### Import nyoka

In [1]:
from nyoka import model_to_pmml

### Scripts

In [2]:
def script1():
    r3 = r1+r2
    
def script2():
    r6 = r1+r2+r3-r4

### Pipeline object 1 with pre-processing

In [3]:
import pandas as pd
from sklearn import datasets
from sklearn.pipeline import Pipeline
from sklearn.preprocessing import StandardScaler, Imputer
from sklearn_pandas import DataFrameMapper
from sklearn.ensemble import RandomForestClassifier
from sklearn.linear_model import LogisticRegression
from sklearn.svm import SVC

iris = datasets.load_iris()
irisd = pd.DataFrame(iris.data, columns=iris.feature_names)
irisd['Species'] = iris.target

features = irisd.columns.drop('Species')
target = 'Species'

pipeline_obj1 = Pipeline([
    ("mapping", DataFrameMapper([
    (['sepal length (cm)', 'sepal width (cm)'], StandardScaler()) , 
    (['petal length (cm)', 'petal width (cm)'], Imputer())
    ])),
    ("rfc", LogisticRegression())
])

pipeline_obj1.fit(irisd[features], irisd[target])

Pipeline(memory=None,
     steps=[('mapping', DataFrameMapper(default=False, df_out=False,
        features=[(['sepal length (cm)', 'sepal width (cm)'], StandardScaler(copy=True, with_mean=True, with_std=True)), (['petal length (cm)', 'petal width (cm)'], Imputer(axis=0, copy=True, missing_values='NaN', strategy='mean', verbo...ty='l2', random_state=None, solver='liblinear', tol=0.0001,
          verbose=0, warm_start=False))])

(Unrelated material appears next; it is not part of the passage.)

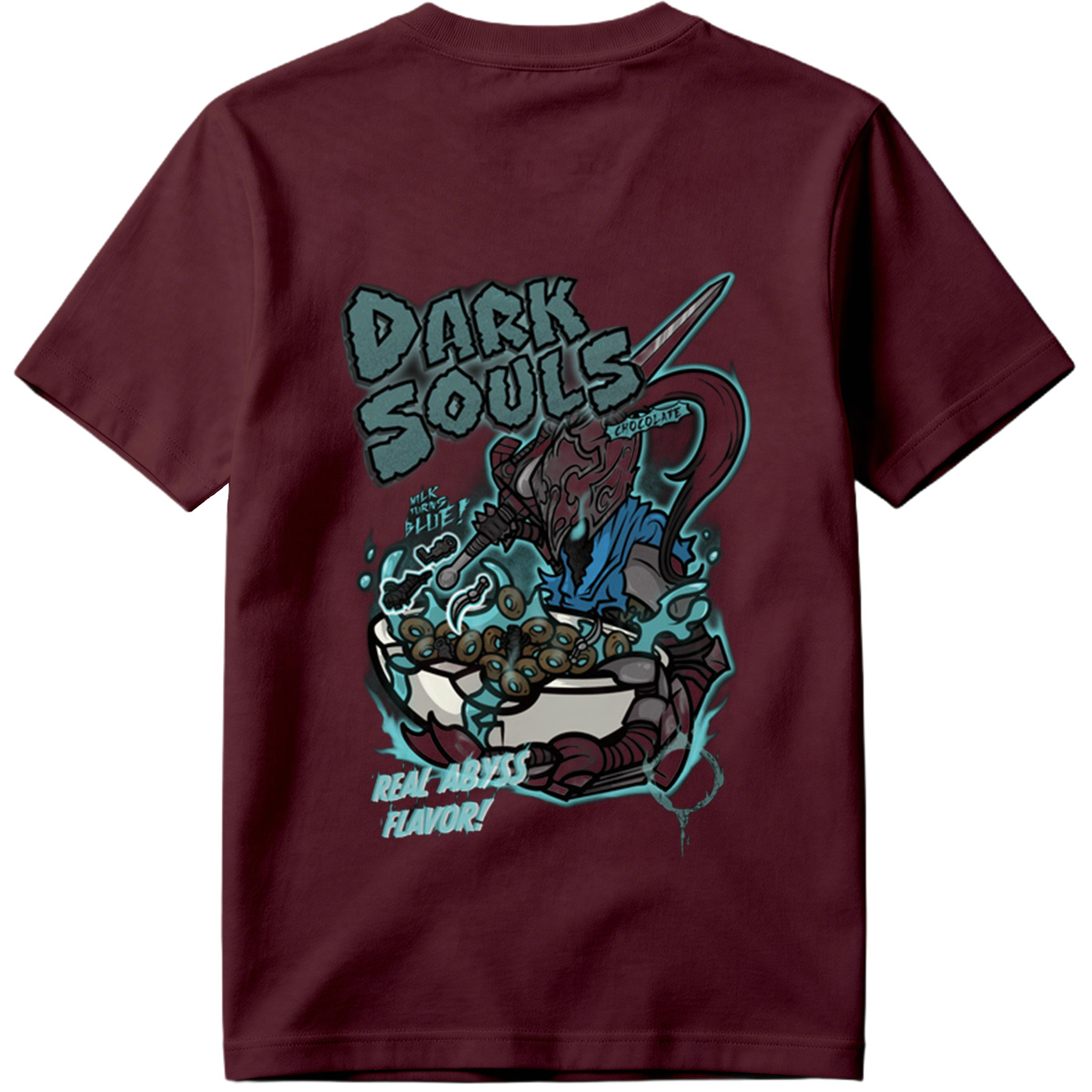 Dark Souls: Abyssal Chocolate Milk - Tee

### Pipeline object 2 with preprocessing

In [4]:
import pandas as pd
from sklearn import datasets
from sklearn.pipeline import Pipeline
from sklearn.preprocessing import StandardScaler, Imputer
from sklearn_pandas import DataFrameMapper
from sklearn.ensemble import RandomForestClassifier
from sklearn.linear_model import LogisticRegression

iris = datasets.load_iris()
irisd = pd.DataFrame(iris.data, columns=iris.feature_names)
irisd['Species'] = iris.target

features = irisd.columns.drop('Species')
target = 'Species'

pipeline_obj2 = Pipeline([
    ("mapping", DataFrameMapper([
    (['sepal length (cm)', 'sepal width (cm)'], StandardScaler()) , 
    (['petal length (cm)', 'petal width (cm)'], Imputer())
    ])),
    ("rfc", RandomForestClassifier(n_estimators = 100))
])

pipeline_obj2.fit(irisd[features], irisd[target])

Pipeline(memory=None,
     steps=[('mapping', DataFrameMapper(default=False, df_out=False,
        features=[(['sepal length (cm)', 'sepal width (cm)'], StandardScaler(copy=True, with_mean=True, with_std=True)), (['petal length (cm)', 'petal width (cm)'], Imputer(axis=0, copy=True, missing_values='NaN', strategy='mean', verbo...n_jobs=1,
            oob_score=False, random_state=None, verbose=0,
            warm_start=False))])

### Keras model

In [7]:
import keras
from keras.models import Sequential
from keras.layers import Dense, Dropout, Activation
from keras.optimizers import SGD

# Generate dummy data
import numpy as np
x_train = np.random.random((1000, 20))
y_train = keras.utils.to_categorical(np.random.randint(10, size=(1000, 1)), num_classes=10)
x_test = np.random.random((100, 20))
y_test = keras.utils.to_categorical(np.random.randint(10, size=(100, 1)), num_classes=10)

model = Sequential()
# Dense(64) is a fully-connected layer with 64 hidden units.
# in the first layer, you must specify the expected input data shape:
# here, 20-dimensional vectors.
model.add(Dense(64, activation='relu', input_dim=20))
model.add(Dropout(0.5))
model.add(Dense(64, activation='relu'))
model.add(Dropout(0.5))
model.add(Dense(10, activation='softmax'))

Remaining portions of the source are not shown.